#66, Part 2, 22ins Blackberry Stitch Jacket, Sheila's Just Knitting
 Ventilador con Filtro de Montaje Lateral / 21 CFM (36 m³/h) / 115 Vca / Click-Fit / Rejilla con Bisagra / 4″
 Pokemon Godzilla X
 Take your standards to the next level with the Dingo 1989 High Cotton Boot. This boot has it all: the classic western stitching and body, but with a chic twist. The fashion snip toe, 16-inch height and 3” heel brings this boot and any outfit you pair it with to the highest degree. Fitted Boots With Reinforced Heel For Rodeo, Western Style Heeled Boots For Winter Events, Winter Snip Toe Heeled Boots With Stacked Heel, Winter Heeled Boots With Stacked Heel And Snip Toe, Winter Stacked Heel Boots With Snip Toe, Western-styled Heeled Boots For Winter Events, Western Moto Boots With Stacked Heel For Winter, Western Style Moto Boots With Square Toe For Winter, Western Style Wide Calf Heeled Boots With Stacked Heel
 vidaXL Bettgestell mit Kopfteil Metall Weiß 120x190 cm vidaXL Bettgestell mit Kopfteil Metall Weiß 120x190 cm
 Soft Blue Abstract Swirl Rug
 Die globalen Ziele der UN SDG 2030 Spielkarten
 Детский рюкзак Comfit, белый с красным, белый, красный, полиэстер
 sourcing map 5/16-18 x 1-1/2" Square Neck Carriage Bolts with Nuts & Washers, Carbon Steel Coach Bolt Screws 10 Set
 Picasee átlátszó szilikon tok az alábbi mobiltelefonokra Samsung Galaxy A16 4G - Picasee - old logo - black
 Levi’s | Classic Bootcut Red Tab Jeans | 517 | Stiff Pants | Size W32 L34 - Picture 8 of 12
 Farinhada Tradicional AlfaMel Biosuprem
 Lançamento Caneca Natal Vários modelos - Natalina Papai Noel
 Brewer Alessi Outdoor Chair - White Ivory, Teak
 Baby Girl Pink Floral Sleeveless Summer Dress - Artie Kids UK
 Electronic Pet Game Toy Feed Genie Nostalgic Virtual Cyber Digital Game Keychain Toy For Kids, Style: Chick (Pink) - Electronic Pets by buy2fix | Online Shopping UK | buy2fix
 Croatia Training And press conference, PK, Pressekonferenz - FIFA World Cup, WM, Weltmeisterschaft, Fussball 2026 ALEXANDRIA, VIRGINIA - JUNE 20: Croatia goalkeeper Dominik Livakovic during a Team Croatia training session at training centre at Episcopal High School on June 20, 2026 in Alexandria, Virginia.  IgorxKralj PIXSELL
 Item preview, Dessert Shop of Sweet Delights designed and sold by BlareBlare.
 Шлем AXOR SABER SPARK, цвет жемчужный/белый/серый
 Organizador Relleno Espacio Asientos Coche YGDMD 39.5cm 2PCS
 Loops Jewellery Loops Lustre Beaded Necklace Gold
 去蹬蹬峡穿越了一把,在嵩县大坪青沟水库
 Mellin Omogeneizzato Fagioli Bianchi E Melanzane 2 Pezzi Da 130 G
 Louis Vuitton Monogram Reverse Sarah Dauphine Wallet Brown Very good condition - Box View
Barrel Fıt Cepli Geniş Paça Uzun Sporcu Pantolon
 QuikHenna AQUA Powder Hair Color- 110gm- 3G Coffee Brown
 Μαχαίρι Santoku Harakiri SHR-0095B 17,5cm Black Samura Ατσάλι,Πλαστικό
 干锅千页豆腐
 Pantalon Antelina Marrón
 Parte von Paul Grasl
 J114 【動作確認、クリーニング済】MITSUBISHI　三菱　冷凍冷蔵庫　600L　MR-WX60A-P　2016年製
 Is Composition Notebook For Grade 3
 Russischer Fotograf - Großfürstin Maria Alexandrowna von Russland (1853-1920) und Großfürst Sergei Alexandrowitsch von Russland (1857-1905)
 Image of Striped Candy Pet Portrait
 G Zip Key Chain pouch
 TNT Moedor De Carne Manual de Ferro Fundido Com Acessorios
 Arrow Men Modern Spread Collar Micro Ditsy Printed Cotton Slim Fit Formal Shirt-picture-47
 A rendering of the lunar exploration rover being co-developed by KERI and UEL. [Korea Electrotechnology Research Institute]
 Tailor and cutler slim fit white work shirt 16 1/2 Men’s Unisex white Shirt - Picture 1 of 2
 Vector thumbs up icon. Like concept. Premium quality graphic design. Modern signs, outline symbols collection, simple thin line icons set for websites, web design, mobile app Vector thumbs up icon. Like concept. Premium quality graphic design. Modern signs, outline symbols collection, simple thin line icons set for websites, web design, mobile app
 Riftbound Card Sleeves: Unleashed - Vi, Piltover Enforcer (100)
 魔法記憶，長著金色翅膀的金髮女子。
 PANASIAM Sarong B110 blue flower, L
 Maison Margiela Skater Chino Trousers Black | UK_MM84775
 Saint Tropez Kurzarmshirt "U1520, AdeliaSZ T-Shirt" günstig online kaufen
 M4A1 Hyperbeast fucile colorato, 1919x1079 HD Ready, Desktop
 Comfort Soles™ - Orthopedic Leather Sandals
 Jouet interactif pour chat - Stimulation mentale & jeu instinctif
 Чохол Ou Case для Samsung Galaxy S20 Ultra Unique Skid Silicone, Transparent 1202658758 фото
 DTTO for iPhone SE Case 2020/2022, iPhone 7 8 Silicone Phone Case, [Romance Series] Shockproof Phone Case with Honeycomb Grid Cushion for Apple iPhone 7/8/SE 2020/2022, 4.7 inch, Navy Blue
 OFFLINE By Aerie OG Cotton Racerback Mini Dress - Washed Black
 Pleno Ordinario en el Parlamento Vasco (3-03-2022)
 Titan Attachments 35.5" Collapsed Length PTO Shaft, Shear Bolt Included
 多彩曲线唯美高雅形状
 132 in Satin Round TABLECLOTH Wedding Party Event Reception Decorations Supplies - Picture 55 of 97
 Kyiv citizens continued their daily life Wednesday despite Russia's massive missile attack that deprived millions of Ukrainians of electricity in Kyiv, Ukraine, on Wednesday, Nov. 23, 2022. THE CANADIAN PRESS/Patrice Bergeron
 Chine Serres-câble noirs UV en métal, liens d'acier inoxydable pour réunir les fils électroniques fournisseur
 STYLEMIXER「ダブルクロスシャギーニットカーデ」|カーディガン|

──────

▸ **Your instructions**
Take exactly the lines from the one containing "Saint Tropez Kurzarmshirt" through the one containing "132 in Satin" in the data above, and output them with nothing added.

▸ **Reply to the task**
 Saint Tropez Kurzarmshirt "U1520, AdeliaSZ T-Shirt" günstig online kaufen
 M4A1 Hyperbeast fucile colorato, 1919x1079 HD Ready, Desktop
 Comfort Soles™ - Orthopedic Leather Sandals
 Jouet interactif pour chat - Stimulation mentale & jeu instinctif
 Чохол Ou Case для Samsung Galaxy S20 Ultra Unique Skid Silicone, Transparent 1202658758 фото
 DTTO for iPhone SE Case 2020/2022, iPhone 7 8 Silicone Phone Case, [Romance Series] Shockproof Phone Case with Honeycomb Grid Cushion for Apple iPhone 7/8/SE 2020/2022, 4.7 inch, Navy Blue
 OFFLINE By Aerie OG Cotton Racerback Mini Dress - Washed Black
 Pleno Ordinario en el Parlamento Vasco (3-03-2022)
 Titan Attachments 35.5" Collapsed Length PTO Shaft, Shear Bolt Included
 多彩曲线唯美高雅形状
 132 in Satin Round TABLECLOTH Wedding Party Event Reception Decorations Supplies - Picture 55 of 97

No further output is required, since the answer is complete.